Brief descriptive captions:

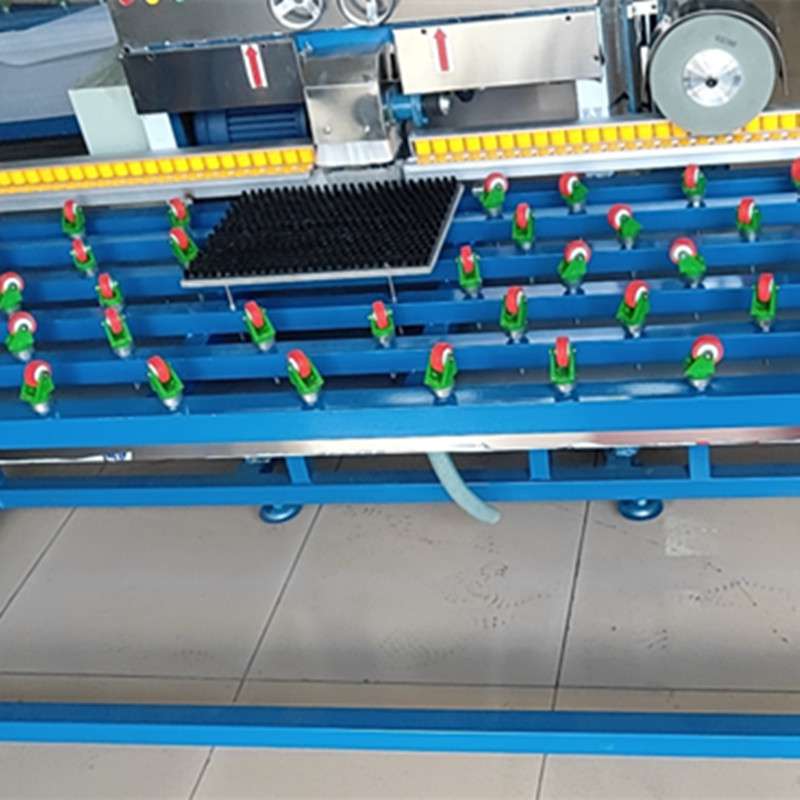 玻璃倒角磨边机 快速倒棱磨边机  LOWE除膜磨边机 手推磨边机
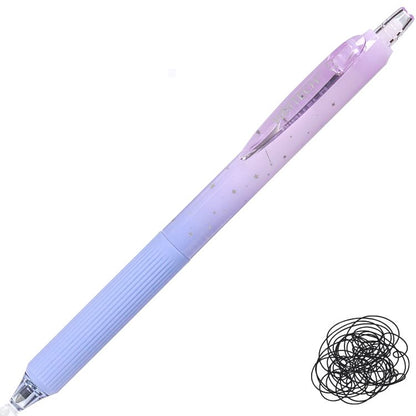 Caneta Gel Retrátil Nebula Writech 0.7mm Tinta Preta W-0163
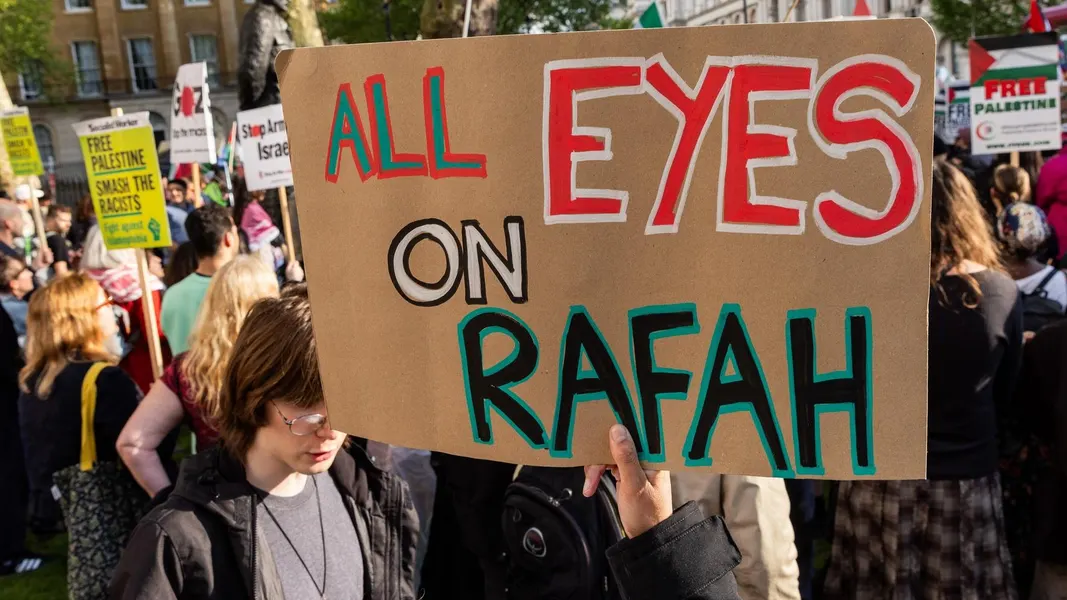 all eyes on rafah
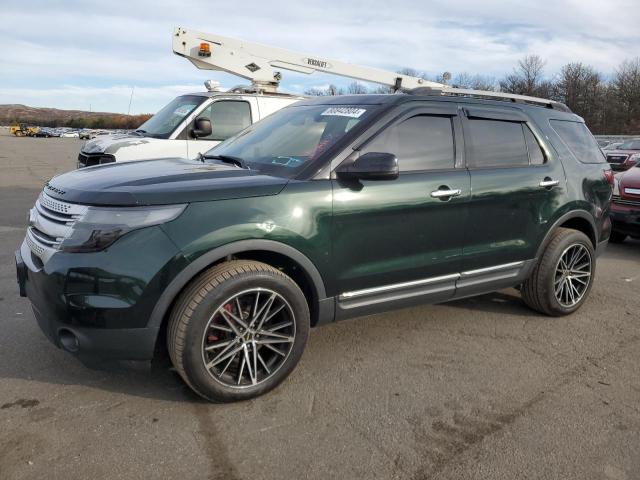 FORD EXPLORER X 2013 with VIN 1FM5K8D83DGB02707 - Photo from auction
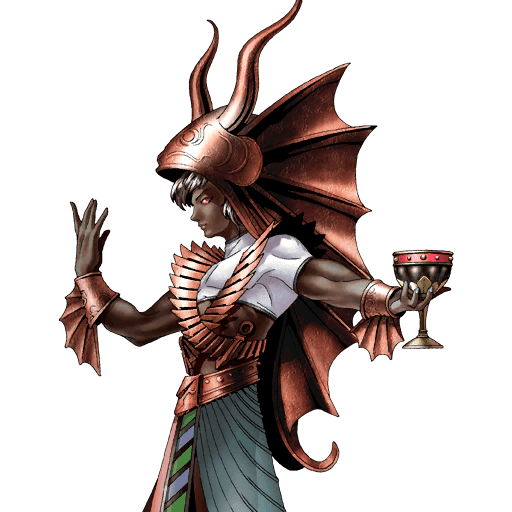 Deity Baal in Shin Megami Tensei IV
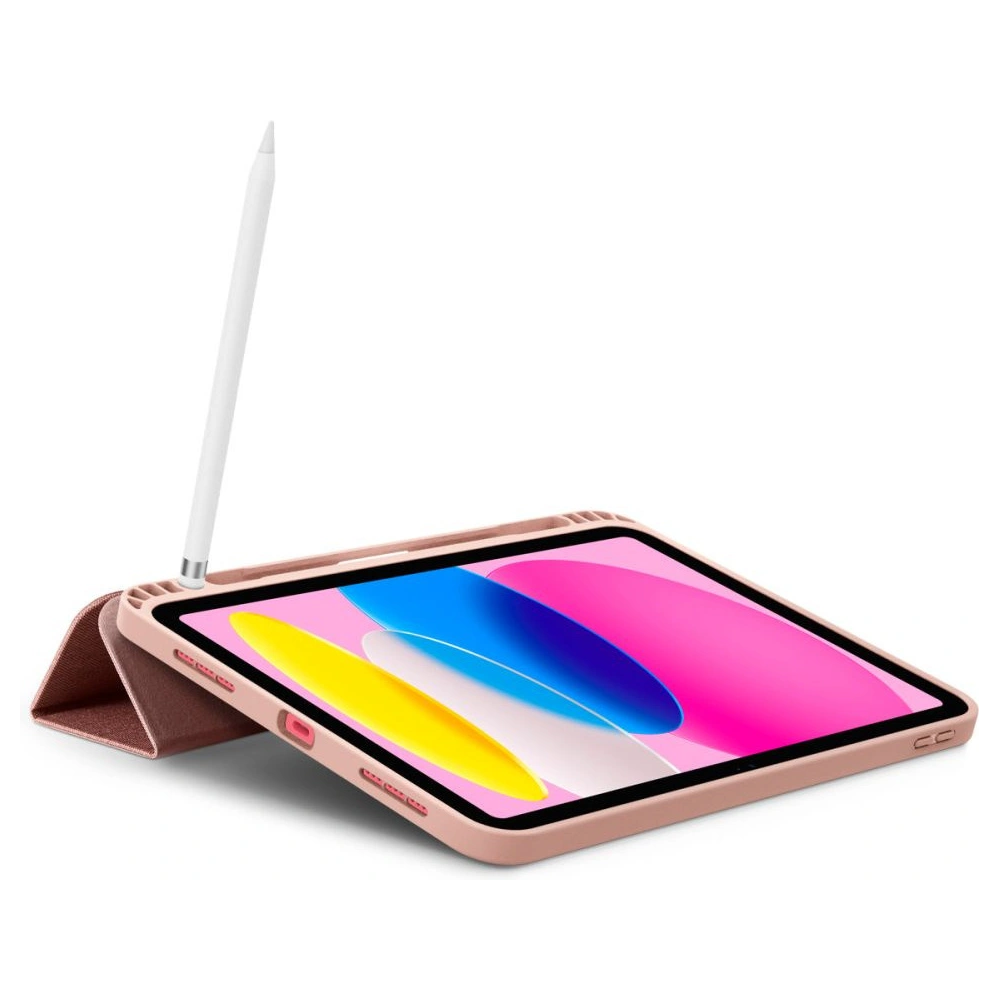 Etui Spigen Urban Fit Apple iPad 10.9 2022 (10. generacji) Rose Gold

- [Brief] With the pictures left out, transcribe exactly the lines from the line holding "all eyes on rafah" through the closing line of the entries.

- [Answer for this exercise]
 all eyes on rafah
 FORD EXPLORER X 2013 with VIN 1FM5K8D83DGB02707 - Photo from auction
 Deity Baal in Shin Megami Tensei IV
 Etui Spigen Urban Fit Apple iPad 10.9 2022 (10. generacji) Rose Gold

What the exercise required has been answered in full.